If you want to be able to read secrets in any namespace, pass an empty list for
`rbac.secretNamespaces`, and a `ClusterRole` will be created instead of a `Role`
(use with caution).
## Development
*IMPORTANT NOTE: only the `login` mode is conformant with the cert-manager
requirements, as it allows for multiple simultaneous DNS01 challenges (and
thus TXT records) in a single domain. The `dynamic-dns` mode cannot do that
(it's always the same TXT record that gets updated), so it should only be
used in environments where you expect only a single challenge at a time for
each domain.*
For the same reason, a `dynamic-dns` mode test is not included in the test
suite, as it expects the TXT record to be removed for the test to be declared
successful (`dynamic-dns` mode merely overwrites the key with new values every
time; the TXT record is never removed).
Fortunately, in the actual runtime cert-manager doesn't check that a given
record is deleted or not after the challenge, so that's why you can use the
`dynamic-dns` method if you want (but not run tests with it), modulo the above
notice.
### Running the test suite
Conformance testing is achieved through Kubernetes emulation via the
kubebuilder-tools suite, in conjunction with real calls to HE on a
test domain, using valid credentials or API token stored in secrets.

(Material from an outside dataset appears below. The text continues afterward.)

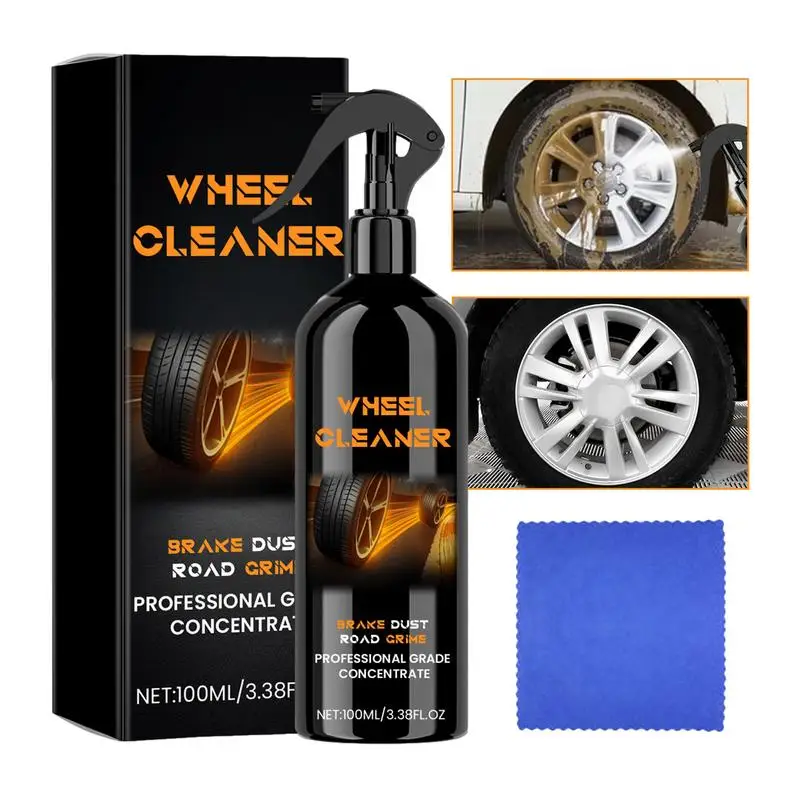 

Car Wheel Cleaner PH Balanced Tire Wheel Cleaner Powerful 100ml Brake Dust Remover Wheel Cleaner Long-Lasting Car Detailing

The test configures a `_acme-challenge-test` TXT entry, attempts to verify
its presence, and removes the entry, thereby verifying the Prepare and CleanUp
functions.
To run the test suite, you must create two files under `testdata/he`. One
(let's call it `config.json`) represents the configuration fragment that
will be used by the webhook; the other one (`secret.yaml`) must contain the
HE credentials (username and password). There are examples of both files
under `testdata/he`.
Once the files are in place, run the test suite with:
```bash
TEST_ZONE_NAME=yourdomain.com. make test
```
You can also set `VERBOSE=1` (or to any other nonempty value) to see debug messages
(note that this increases verbosity for all components):
```bash
VERBOSE=1 TEST_ZONE_NAME=yourdomain.com. make test
```
Have a look at `main_test.go` in case you want to customize the test suite.